How historically accurate is the Bible?

(Mervin Bitikofer) #21

…or are failing to take their bibles seriously (much less prove it), actually. If Zionists would start taking their Bibles seriously they would know that supporting “King Ahab” was not a way to bless Israel, but rather a way to let Satan have his way with Israel. God’s approach to such things was not to pander to his chosen people in everything they did, but to give them over to whatever came so that they would return to him. I pray (especially for Israel’s sake!) that Zionists in the U.S. would actually start believing their own Bibles.

(RiderOnTheClouds) #22

Still this maybe does lead me to take theories which try to reconcile the Bible with history with a pinch of salt.

(Jay Johnson) #23

Their problem is Dispensational eschatology, specifically the belief in a literal fulfillment of the OT prophecies related to Israel. I actually heard Fox News hosts and our UN ambassador Nikki Haley invoking Isaiah and Ezekiel, among others. There actually are real-world consequences for faulty theology.

(Robin) #24

I have heard that Ubaid period language change assertion before.
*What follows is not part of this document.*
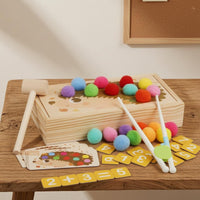 Wooden Pounding Box Felt Balls Learning Game Number Cards for Young Children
You do range around the early books of the OT for all this.

As for the Exodus — I listened to a few minutes of the Sparks interview and will return to it when have more time.

But really??? So much is said and un-said on many of these subjects, and it almost amounts to who or what are you going to believe?? I have read a lot of 18th and 19th and early 20th century arguments about the events of the book of Daniel ,for example. Whom are you kidding? Belshazzar? No such person!! How could lions ever be put in dens? How would they breathe in those dens?? Is it spelled Nebuchadnezzar or Nebuchadrezzar?

And then they found something with the name Belshazzar on it, and yes the ancient Babylonians and Assyrians kept lions and other animals in dens, after all…And Nebuchadnezzar did, it seems drop out of sight for a few mysterious years.

The Bible does not explain things in great depth. It just gives sketches of events and then moves on, leaving us to wonder.

Anyone who has done family history knows how hard it is to find great-great-great grandparents who only died 130 or so years ago. The first born sons of every Egyptian? from 1250 BCE or so? No surprise to me that we don’t know much about that. I do think there is record of some pharoah having lost his first born son, but then that may have happened for many reasons.

I guess my position is that the Bible has a lot in it that has turned out to be valid. The early Exodus chapters do, for example, show great familiarity with Egyptian practices, for example. The writer(s) of Exodus knew this — how??? So we shouldn’t discount the book whole cloth…


Regarding the exodus I found the book The Parting of the Sea by Barbara Sivertsen quite helpful.

(RiderOnTheClouds) #26

I agree, though given Israel’s proximity to Egypt, this can be expected. I do however believe that the Israelite’s did have some knowledge of exclusively mid-1st millenium Egyptian practises which leads me to think there may be some truth behind the story of the Exodus.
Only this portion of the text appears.